Already some great answers to this question, however here is a nice snippet that I use regularly to drop rows if they have non-numeric values on some columns:
# Eliminate invalid data from dataframe (see Example below for more context)
num_df = (df.drop(data_columns, axis=1)
.join(df[data_columns].apply(pd.to_numeric, errors='coerce')))
num_df = num_df[num_df[data_columns].notnull().all(axis=1)]
The way this works is we first drop
all the data_columns
from the df
, and then use a join
to put them back in after passing them through pd.to_numeric
(with option 'coerce'
, such that all non-numeric entries are converted to NaN
).
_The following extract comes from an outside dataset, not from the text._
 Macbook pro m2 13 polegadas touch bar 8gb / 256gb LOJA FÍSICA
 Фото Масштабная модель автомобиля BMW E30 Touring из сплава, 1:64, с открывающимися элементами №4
The result is saved to num_df
.
On the second line we use a filter that keeps only rows where all values are not null.
Note that pd.to_numeric
is coercing to NaN
everything that cannot be converted to a numeric value, so strings that represent numeric values will not be removed. For example '1.25'
will be recognized as the numeric value 1.25
.
Disclaimer: pd.to_numeric
was introduced in pandas version 0.17.0
Example:
In [1]: import pandas as pd
In [2]: df = pd.DataFrame({"item": ["a", "b", "c", "d", "e"],
...: "a": [1,2,3,"bad",5],
...: "b":[0.1,0.2,0.3,0.4,0.5]})
In [3]: df
Out[3]:
a b item
0 1 0.1 a
1 2 0.2 b
2 3 0.3 c
3 bad 0.4 d
4 5 0.5 e
In [4]: data_columns = ['a', 'b']
In [5]: num_df = (df
...: .drop(data_columns, axis=1)
...: .join(df[data_columns].apply(pd.to_numeric, errors='coerce')))
In [6]: num_df
Out[6]:
item a b
0 a 1 0.1
1 b 2 0.2
2 c 3 0.3
3 d NaN 0.4
4 e 5 0.5
In [7]: num_df[num_df[data_columns].notnull().all(axis=1)]
Out[7]:
item a b
0 a 1 0.1
1 b 2 0.2
2 c 3 0.3
4 e 5 0.5